The other reason why the Silicon Valley isn’t too concerned with the market is because there are countless other factors that will determine Silicon Valley survival.

Y Combinator Paul Graham says, “If we've learned one thing from funding so many startups, it's that they succeed or fail based on the qualities of the founders. The economy has some effect, certainly, but as a predictor of success it's rounding error compared to the founders.”

He adds, “If you're the right sort of person, you'll win even in a bad economy. And if you're not, a good economy won't save you.”

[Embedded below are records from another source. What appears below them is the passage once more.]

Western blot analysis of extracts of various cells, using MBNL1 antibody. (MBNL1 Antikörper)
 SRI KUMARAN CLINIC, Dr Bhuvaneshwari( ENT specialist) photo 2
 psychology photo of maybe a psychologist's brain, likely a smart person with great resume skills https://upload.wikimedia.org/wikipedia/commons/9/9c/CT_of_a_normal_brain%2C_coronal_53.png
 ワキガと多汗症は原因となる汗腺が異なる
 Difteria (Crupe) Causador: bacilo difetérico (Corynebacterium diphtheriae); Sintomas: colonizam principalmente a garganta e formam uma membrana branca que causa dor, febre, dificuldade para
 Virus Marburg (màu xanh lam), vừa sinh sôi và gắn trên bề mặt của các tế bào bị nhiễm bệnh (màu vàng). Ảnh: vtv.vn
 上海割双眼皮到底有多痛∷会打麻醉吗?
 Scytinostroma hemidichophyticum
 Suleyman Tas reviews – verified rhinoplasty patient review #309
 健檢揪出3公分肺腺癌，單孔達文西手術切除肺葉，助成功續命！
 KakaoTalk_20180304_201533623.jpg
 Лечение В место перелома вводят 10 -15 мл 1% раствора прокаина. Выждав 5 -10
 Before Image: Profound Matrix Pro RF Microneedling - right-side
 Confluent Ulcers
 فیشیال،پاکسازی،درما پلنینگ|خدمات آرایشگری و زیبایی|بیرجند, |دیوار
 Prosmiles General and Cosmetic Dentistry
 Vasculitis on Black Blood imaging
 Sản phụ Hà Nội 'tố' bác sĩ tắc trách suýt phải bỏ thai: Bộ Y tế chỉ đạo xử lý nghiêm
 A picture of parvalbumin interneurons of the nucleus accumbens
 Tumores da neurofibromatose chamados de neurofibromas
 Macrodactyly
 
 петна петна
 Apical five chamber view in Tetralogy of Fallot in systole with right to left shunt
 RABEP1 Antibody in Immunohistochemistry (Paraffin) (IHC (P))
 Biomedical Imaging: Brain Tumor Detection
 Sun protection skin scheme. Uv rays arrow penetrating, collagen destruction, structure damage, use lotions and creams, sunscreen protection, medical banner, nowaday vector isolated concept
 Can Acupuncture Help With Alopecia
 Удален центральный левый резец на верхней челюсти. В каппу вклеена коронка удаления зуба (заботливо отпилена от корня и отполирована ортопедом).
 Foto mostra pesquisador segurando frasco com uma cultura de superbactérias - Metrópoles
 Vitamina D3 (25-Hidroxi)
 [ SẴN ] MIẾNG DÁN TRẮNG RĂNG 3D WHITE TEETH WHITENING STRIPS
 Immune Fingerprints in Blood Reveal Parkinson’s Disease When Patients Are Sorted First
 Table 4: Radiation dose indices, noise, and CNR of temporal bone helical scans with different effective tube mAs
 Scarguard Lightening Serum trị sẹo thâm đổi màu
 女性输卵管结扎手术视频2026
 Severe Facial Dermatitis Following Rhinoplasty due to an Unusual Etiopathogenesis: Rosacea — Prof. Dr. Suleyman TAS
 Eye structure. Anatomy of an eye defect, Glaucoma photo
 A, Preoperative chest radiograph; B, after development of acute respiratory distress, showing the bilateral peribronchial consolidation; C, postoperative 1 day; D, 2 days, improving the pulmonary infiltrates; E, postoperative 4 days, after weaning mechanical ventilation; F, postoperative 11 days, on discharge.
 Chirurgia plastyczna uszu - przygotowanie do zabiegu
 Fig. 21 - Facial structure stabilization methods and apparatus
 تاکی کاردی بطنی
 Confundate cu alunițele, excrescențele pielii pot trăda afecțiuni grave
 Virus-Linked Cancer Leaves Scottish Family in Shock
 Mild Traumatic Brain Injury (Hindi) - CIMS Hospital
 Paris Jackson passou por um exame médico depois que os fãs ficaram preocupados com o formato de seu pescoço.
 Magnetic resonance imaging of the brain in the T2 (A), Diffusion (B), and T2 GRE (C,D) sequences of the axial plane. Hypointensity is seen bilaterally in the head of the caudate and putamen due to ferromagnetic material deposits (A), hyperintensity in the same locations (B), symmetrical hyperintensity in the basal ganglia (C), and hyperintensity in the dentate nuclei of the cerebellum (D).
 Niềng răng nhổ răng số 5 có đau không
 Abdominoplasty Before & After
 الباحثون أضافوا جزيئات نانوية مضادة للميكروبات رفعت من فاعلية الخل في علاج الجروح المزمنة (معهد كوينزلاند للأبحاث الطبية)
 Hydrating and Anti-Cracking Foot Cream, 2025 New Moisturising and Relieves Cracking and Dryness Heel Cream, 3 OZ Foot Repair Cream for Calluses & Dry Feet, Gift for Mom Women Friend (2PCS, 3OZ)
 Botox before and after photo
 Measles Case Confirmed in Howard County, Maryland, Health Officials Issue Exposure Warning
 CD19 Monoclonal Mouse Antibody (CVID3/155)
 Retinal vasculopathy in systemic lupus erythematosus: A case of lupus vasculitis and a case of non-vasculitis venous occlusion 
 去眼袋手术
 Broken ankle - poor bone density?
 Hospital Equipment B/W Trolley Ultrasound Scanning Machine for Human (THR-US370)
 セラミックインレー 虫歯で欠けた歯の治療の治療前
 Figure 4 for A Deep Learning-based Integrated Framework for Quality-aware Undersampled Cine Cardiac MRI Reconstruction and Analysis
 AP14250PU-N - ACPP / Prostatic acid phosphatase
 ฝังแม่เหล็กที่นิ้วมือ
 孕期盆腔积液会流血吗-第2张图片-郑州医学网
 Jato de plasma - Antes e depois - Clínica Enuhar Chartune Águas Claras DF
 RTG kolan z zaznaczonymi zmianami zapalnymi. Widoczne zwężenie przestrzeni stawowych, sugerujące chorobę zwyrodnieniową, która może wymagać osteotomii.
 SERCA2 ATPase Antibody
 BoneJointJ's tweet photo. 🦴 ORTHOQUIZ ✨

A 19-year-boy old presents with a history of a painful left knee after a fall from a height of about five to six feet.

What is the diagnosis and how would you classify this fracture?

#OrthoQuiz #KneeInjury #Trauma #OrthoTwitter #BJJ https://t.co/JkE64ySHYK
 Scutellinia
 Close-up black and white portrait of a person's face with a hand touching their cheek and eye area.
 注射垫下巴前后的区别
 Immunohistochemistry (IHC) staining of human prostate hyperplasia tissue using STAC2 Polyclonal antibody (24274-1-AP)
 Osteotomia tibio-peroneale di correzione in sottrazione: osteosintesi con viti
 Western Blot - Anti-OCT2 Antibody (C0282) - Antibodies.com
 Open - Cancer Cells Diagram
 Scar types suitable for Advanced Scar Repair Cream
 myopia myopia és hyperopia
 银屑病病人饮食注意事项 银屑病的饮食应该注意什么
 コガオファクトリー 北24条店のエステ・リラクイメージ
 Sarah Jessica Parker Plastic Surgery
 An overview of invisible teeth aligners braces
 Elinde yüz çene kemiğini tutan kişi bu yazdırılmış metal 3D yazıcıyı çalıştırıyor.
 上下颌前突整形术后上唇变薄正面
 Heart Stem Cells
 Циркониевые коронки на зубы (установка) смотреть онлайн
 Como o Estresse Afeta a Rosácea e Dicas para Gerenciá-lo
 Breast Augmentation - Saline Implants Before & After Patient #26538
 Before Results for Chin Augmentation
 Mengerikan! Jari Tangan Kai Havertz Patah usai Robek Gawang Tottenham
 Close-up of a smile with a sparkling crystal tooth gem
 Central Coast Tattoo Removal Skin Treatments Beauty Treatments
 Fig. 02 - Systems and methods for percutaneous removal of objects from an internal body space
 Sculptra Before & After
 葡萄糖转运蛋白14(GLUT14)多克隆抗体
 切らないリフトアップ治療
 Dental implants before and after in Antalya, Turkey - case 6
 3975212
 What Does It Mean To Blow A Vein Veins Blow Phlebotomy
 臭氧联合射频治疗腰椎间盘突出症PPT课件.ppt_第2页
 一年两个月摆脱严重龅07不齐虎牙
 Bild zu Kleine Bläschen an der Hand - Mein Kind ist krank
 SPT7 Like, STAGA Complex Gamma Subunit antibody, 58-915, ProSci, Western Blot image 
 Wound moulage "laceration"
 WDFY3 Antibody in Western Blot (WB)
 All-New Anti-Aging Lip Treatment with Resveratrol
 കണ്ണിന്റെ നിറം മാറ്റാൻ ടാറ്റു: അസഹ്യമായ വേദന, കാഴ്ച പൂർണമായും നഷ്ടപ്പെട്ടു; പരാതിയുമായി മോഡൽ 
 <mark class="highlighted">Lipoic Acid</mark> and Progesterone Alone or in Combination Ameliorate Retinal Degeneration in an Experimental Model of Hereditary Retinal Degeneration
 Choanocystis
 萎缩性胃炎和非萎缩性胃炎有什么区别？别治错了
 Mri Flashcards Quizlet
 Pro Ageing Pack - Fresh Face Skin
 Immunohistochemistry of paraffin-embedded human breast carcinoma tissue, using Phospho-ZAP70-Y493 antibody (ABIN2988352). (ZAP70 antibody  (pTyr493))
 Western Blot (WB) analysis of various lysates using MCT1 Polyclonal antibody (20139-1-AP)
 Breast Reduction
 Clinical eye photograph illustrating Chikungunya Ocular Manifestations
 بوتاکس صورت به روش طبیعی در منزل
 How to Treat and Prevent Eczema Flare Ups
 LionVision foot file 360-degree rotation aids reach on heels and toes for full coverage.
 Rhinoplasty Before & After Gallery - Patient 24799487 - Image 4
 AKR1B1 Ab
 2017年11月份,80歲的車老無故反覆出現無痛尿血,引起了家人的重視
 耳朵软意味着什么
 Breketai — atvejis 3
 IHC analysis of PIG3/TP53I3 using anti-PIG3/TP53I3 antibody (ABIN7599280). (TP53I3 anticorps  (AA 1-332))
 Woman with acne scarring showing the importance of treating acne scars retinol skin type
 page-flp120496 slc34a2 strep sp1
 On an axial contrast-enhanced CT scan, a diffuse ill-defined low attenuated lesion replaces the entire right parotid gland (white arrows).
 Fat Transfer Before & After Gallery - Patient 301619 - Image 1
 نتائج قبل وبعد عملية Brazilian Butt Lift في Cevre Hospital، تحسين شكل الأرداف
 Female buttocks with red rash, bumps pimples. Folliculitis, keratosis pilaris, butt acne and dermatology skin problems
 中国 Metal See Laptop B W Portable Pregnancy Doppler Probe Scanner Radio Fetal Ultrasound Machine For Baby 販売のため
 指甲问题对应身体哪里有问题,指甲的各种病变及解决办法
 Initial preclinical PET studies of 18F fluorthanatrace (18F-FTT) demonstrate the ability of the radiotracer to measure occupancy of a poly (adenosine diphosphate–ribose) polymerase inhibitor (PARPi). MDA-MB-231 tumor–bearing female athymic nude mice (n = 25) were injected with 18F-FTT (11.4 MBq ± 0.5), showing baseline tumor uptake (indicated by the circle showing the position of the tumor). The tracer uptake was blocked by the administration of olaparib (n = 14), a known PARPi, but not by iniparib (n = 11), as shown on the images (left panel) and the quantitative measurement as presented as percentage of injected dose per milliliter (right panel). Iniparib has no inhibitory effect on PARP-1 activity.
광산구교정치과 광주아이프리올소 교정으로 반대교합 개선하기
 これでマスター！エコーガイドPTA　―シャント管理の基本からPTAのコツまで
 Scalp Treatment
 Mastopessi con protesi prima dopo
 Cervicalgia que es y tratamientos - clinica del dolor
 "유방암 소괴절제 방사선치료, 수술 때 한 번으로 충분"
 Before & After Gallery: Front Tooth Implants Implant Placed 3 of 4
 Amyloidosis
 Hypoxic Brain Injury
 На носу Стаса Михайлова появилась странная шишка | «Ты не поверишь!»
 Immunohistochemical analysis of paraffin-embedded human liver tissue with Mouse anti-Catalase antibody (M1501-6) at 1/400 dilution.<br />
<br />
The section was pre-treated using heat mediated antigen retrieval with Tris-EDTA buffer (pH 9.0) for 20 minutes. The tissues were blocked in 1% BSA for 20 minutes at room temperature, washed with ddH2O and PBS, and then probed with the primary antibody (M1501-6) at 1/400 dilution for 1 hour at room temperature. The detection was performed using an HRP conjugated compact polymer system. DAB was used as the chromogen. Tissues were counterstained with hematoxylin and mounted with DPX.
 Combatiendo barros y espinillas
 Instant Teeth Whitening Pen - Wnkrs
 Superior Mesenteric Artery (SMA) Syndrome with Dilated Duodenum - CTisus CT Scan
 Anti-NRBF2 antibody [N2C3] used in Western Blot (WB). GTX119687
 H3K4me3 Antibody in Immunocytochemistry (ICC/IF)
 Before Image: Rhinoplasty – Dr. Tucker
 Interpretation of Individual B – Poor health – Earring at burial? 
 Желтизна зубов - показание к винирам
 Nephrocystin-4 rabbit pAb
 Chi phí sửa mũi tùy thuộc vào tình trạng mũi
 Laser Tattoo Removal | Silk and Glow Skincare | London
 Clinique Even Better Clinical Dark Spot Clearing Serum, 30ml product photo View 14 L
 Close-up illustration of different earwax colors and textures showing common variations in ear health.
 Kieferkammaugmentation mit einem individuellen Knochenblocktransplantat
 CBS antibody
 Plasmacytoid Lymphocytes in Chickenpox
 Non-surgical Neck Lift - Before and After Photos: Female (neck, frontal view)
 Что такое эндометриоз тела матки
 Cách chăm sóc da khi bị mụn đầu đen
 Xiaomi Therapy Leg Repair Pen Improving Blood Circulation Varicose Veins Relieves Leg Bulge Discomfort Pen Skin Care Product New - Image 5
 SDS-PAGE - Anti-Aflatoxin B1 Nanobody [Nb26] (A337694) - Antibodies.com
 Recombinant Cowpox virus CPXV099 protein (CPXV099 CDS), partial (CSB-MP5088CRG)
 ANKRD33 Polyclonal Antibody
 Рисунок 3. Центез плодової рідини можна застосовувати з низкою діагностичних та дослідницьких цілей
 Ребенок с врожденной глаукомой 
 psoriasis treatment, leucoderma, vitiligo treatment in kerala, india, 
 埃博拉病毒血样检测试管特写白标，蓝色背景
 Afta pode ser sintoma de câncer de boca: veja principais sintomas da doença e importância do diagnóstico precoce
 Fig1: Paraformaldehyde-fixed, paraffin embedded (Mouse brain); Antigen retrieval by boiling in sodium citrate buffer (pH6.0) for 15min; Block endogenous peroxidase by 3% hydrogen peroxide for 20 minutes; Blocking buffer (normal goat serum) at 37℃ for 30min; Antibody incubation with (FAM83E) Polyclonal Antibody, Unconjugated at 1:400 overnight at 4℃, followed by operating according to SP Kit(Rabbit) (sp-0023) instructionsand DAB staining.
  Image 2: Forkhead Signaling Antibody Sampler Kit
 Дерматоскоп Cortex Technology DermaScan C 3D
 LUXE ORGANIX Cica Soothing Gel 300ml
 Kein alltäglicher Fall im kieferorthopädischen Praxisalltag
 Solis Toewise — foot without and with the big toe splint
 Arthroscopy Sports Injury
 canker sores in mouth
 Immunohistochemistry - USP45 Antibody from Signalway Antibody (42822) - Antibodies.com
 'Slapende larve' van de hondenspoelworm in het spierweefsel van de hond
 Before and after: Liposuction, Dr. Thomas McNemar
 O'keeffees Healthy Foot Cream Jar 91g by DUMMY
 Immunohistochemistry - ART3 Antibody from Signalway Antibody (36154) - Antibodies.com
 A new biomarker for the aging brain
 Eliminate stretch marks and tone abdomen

Case in point, Lucas Duplan.

Duplan, a computer science student at Stanford, founded Clinkle in 2011 and raised a whooping $30 million through venture capitalist firms Andreessen Horowitz, Accel Partners’ Jim Breyer, and billionaire investor Richard Branson.

What happened next was one of Silicon Valley’s biggest fails.

Clinkle blew through millions of dollars, fired employees horribly, and imploded under Duplan’s leadership. The market had no impact on Clinkle’s failure.

The failure was because Duplan created a terrible corporate culture, enjoyed a luxurious lifestyle before having a finished product, and was simply too inexperienced to lead a company.

Of course, you can’t always fault the founders when a great startup or an great idea goes belly-up. Excellent startup ideas haven’t succeed because, according to CB Insights:

  • It didn’t solve a market need.
  • The startup ran out of cash.
  • The right team wasn’t assembled.
  • The competition did it better.
  • There were pricing or cost issues
  • There was an ineffective business model.
  • It was marketed poorly.
  • Customers were being ignored.
  • The product or service was released at the wrong time.
  • The founders lost focus.
  • There was disharmony between investors and founders, as well as friction among the team or founders and employees.
  • The startup either failed to pivot or did incorrectly.
  • It was located in the wrong place.

The final reason why we don’t obsess over the stock market, is that we entrepreneurs start a business for a number reasons.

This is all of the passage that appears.